Die Ausreise: Goodbye Land der Gedanken

Es ist vier Uhr morgens. Meine beiden Männer sind im Land der Träume. Ich bin im Land der Gedanken. Hello again! Es ist ein Land, in dem sich hauptsächlich Frauen aufhalten. Grübeln, Pläne schmieden, alles zerdenken. Kann ich bitte ein Visum für’s Land der Träume bekommen und mit den sorglosen Männern einfach chillen?

Im Ernst, muss das sein? Müssen wir Frauen unseren Schlaf opfern, um ach so wichtige Dinge zu bedenken? Um uns dann morgens gerädert, aber erleuchtet zu fühlen? Neeeeein! Ich will das nicht mehr. Ich will die Nacht nutzen, um mich auszuruhen und am Tag jede Minute produktiv sein. Kann ich das nicht irgendwie hinbekommen? Männer schaffen das doch auch ganz easy.

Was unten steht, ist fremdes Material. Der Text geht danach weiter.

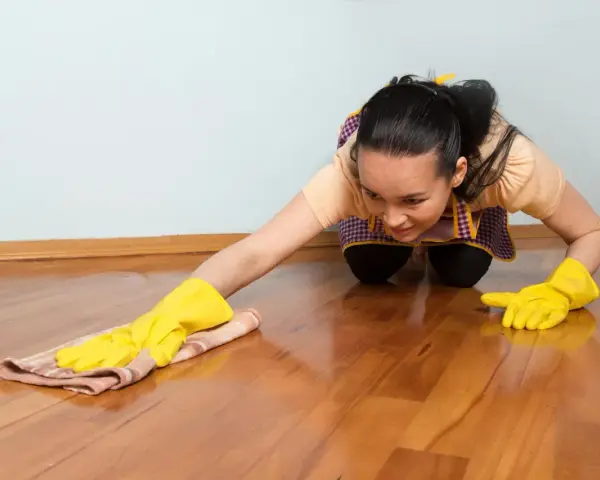 Frau mit gelben Handschuhen reinigt glänzenden Holzboden. Sorgfältige holzboden pflege für ein schönes Zuhause.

Außer Müdigkeit kommt nichts dabei rum

Während mein Freund im Handumdrehen abends einschläft, schnarcht, einfach nur genüsslich pennt, liege ich angespannt daneben. Starre an die Wand. Lasse Gedanken kreisen. Mal komme ich zu erfolgreichen Erkenntnissen, mal war das Ganze für die Katz und es kam nichts dabei rum. Außer verloren gegangene Zeit. Verloren gegangener Schlaf! Macht das die Welt besser? Ändert das was? Juckt das wen? Nö. Also: Aufhören damit. Schlafen. Happy sein. Und gefälligst tagsüber mal denken.

Wie das klappen kann? Ich muss mir tagsüber etwas mehr Me-Time schaffen, in der ich in Ruhe meine Gedanken kreisen lassen kann. Vollkommene Ruhe, nur für mich. Gut, mit Kind, das gerade in einem Alter ist, in dem es alles entdecken möchte, ist nicht so leicht. Plus: In seinen Schlafenszeiten kann ich auch nicht in Ruhe sein. Denn dann stehen Haushalt und Texte an. Aber davon lass ich mich doch nicht unterkriegen!

Trotz Verpflichtungen „Gedanken-Zeit“ schaffen

Also gibt’s Me-Time mit Kind. Hö? Ja klar: beim Spaziergang mit Buggy zum Beispiel. Der kleine Mann kann durch die Gegend gucken, sich amüsieren, ich kann etwas nachdenken. Und: Nach dem Laufen bin ich abends so müde, dass ich den Kopf auch mal ausschalten kann. Klingt nach nem guten Plan, oder? Auch Sport hilft dabei, das Gedanken-Karussell anzuhalten. Oder man lässt den Gedanken freien Lauf, bei einem Telefonat mit Freundinnen oder beim Coffee-Date. Dann sind sie raus, man hat Feedback bekommen und kann doch eigentlich die Nacht für das nutzen, wofür sie vorgesehen ist: zum Schlafen. Gute Nacht!

Habt ihr noch andere Tipps, wie ich dem nächtlichen Gedanken-Karussell entkommen kann? Und kennt ihr das auch? Oder bin ich damit völlig allein?

2 thoughts on “Die Ausreise: Goodbye Land der Gedanken

  1. Mir hilft Musik immer dabei auf gute Gedanken bzw. auf gar keine Gedanken sondern nur einfach eine positive Grundstimmung zu kommen. Und sie regt zu Träumen an. Probier das doch mal beim Einschlafen.